__WORK INSTRUCTION__. Please output exactly the lines that run from the line with "レンズを直接強膜に固定" through the final line of the data, inclusive, and nothing more.
○ ○ ○
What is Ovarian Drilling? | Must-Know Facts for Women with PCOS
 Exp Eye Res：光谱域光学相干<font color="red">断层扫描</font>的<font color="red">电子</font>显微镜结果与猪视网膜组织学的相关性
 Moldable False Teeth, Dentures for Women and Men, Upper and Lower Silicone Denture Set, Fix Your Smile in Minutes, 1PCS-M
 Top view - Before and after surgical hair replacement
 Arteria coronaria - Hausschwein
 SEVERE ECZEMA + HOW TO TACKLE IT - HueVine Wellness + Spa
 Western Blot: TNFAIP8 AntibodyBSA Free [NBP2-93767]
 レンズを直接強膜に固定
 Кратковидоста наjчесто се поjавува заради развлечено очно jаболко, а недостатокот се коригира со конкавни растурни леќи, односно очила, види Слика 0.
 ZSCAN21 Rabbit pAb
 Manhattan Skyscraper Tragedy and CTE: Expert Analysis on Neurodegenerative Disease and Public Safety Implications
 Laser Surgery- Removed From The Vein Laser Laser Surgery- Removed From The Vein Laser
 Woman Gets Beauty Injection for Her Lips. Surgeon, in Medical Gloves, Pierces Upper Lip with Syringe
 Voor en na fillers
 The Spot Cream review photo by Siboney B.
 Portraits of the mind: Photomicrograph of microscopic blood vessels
○ ○ ○
__ANSWER SPACE__.
 レンズを直接強膜に固定
 Кратковидоста наjчесто се поjавува заради развлечено очно jаболко, а недостатокот се коригира со конкавни растурни леќи, односно очила, види Слика 0.
 ZSCAN21 Rabbit pAb
 Manhattan Skyscraper Tragedy and CTE: Expert Analysis on Neurodegenerative Disease and Public Safety Implications
 Laser Surgery- Removed From The Vein Laser Laser Surgery- Removed From The Vein Laser
 Woman Gets Beauty Injection for Her Lips. Surgeon, in Medical Gloves, Pierces Upper Lip with Syringe
 Voor en na fillers
 The Spot Cream review photo by Siboney B.
 Portraits of the mind: Photomicrograph of microscopic blood vessels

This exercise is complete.